La combinaison des cinq choix construit un style de jeu reconnaissable. Les trois plus courants :

ArchétypeComment il se joueHéros typiques
DiveUtilise la mobilité pour isoler et éliminer une cible précise avant que le reste de l’équipe ne réagisseWinston, D.Va, Genji, Tracer
PokeMet la pression à distance, évite le corps-à-corps et force l’adversaire à casser son positionnementOrisa, Sigma, Widowmaker, Hanzo, Ana
BrawlVa droit sur le point et gagne par la résistance et le contrôle de zoneReinhardt, Junker Queen, Roadhog, Mei, Reaper

Aucun archétype n’est objectivement supérieur — chacun répond mieux à un type de carte et à un style de groupe. L’erreur la plus fréquente est de mélanger des pièces de deux archétypes différents (un tank brawl avec deux dégâts poke, par exemple), ce qui prive la composition d’identité et de synergie entre les capacités.

Comment monter le 5v5 de votre groupe, étape par étape

  1. Verrouillez la place de tank en premier.
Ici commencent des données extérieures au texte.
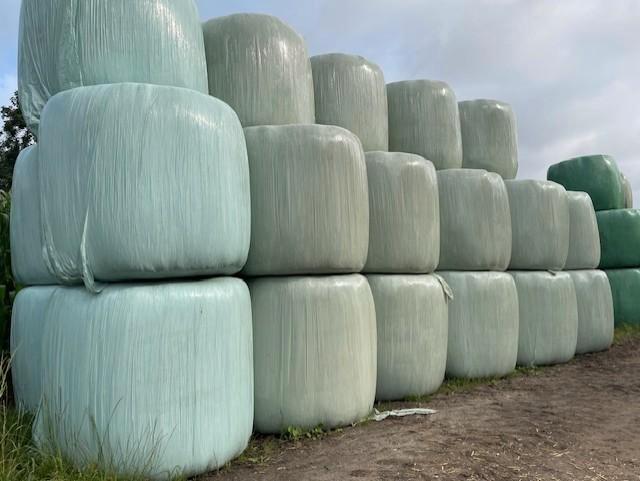 Voordroog, Zakelijke goederen, Landbouw | Veevoer, Ophalen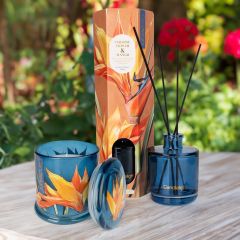 Paradise Candle and Diffuser Set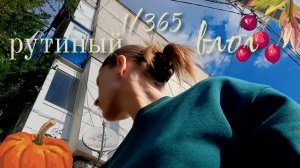 1/365 утренняя рутина, завтракаю, наслаждаюсь погодой🥞🍂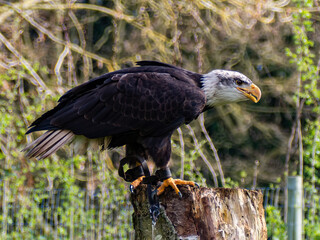 Strong bald eagle, head close-up for a portrait with its head, eye, beak, white crown with a blur background. Image. Picture. Portrait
C’est la décision qui définit le plus le style de toute l’équipe, et celle que les groupes d’amis évitent le plus souvent — réglez-la avant de répartir le reste.
  2. Garantissez au moins un soigneur principal. Sans cela, l’équipe ne peut pas tenir un affrontement direct, peu importe les dégâts que le reste de l’équipe inflige.
  3. Associez les deux dégâts par style, pas seulement par préférence. Un hitscan et un flanqueur mobile couvrent plus de situations que deux hitscan campés sur le même angle.
  4. Choisissez l’archétype avant les héros. Décidez si l’équipe joue dive, poke ou brawl, puis choisissez les héros à l’intérieur de ce style — un bon héros hors de l’archétype retenu gêne plus qu’il n’aide.
  5. Faites tourner les rôles entre les parties, pas en plein match. Changer de tank en pleine session d’entraînement casse le contrôle de carte que l’équipe avait déjà construit.
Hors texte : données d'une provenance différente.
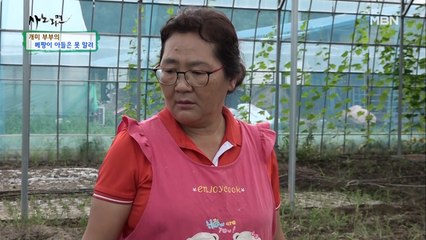 부자 싸움에 아내 등 터진다! 부자 사이를 위한 영미 씨의 고군분투♨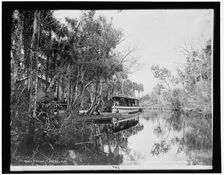 Tomoka landing, Fla., c1900. Creator: Unknown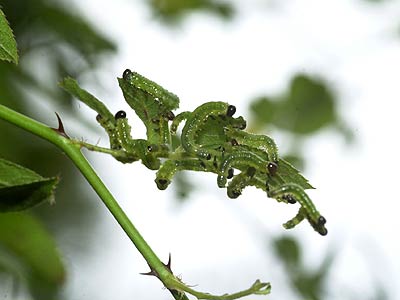 チュウレンジバチの幼虫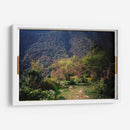 Pradera de Cola de Caballo - Raúl Ruz | Cuadro decorativo de Canvas Lab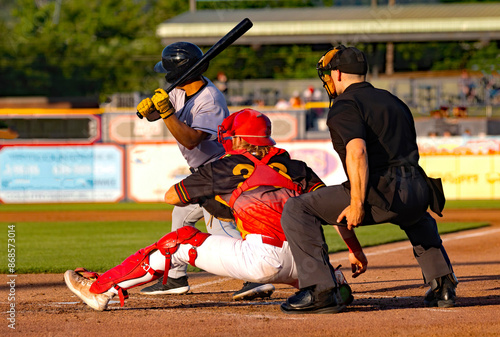 Canvas Print baseball hitter catcher and umpire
Si le groupe dépasse cinq joueurs et qu’il ne reste plus qu’à répartir qui joue dans quelle équipe, le générateur d’équipes Squadb fait cette répartition automatiquement — il ne reste plus qu’à caser les rôles dans chaque 5v5 avec les étapes ci-dessus. Ce principe de verrouiller un rôle avant de monter l’effectif ne se limite pas à Overwatch : le guide de composition d’équipe Valorant montre comment il s’applique à un tactical shooter sans verrouillage de rôle obligatoire.
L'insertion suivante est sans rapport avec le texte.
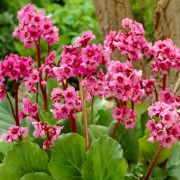 БАДАН Ротблюм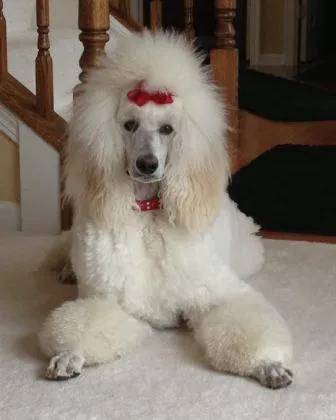 Dog Collar Models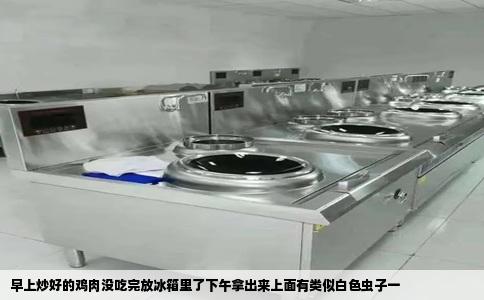 早上炒好的鸡肉没吃完放冰箱里了下午拿出来上面有类似白色虫子一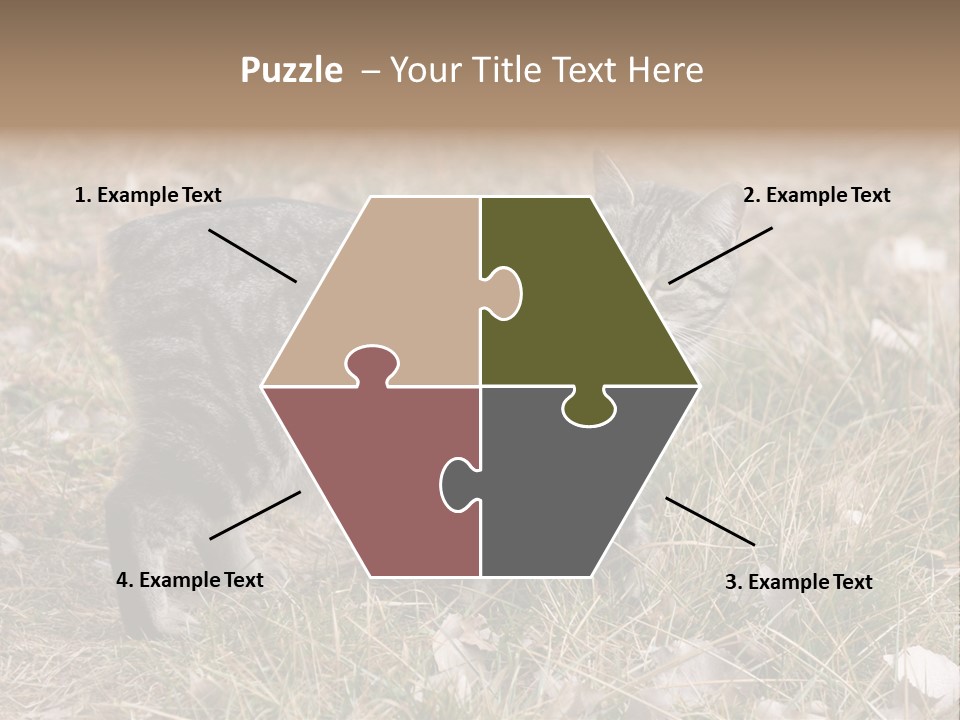 A Cat Standing In A Field Of Grass PowerPoint Template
Erreurs courantes qui cassent la composition

  • Deux soigneurs principaux, aucun soutien d’utilité. L’équipe survit à l’affrontement mais n’obtient jamais l’avantage qui décide la manche.
  • Choisir le tank en dernier. C’est le rôle qui manque le plus dans les groupes d’amis, précisément parce que c’est le plus exposé — le laisser à celui qui reste est une mauvaise façon de le pourvoir.
  • Mélanger les archétypes sans s’en rendre compte. Un Reinhardt (brawl) associé à une Widowmaker (poke) force les deux à combattre hors de leur distance idéale.
  • Changer de héros à chaque manche perdue. Perdre le soin synchronisé ou le contrôle d’espace déjà construit coûte plus cher que ce que la variété rapporte.

Questions fréquentes

Peut-on jouer sans respecter le verrouillage de rôle ? En partie non classée sans file par rôle, oui, mais l’équipe perd la base qui fait fonctionner le jeu — sans assez de tank, tout le groupe est exposé ; sans les deux soutiens, personne ne tient un combat long.

Quel rôle est le plus facile pour débuter sur Overwatch ? Le soutien d’utilité, comme Lúcio ou Moira, est en général le point d’entrée le plus accessible : les exigences de déplacement et de visée sont plus faibles, et l’impact sur l’équipe se voit même avant que la visée du joueur soit affûtée.

Faut-il choisir l’archétype avant les héros ? Ce n’est pas obligatoire, mais cela évite le problème le plus courant : assembler des choix individuellement solides qui ne fonctionnent pas ensemble dans le même 5v5.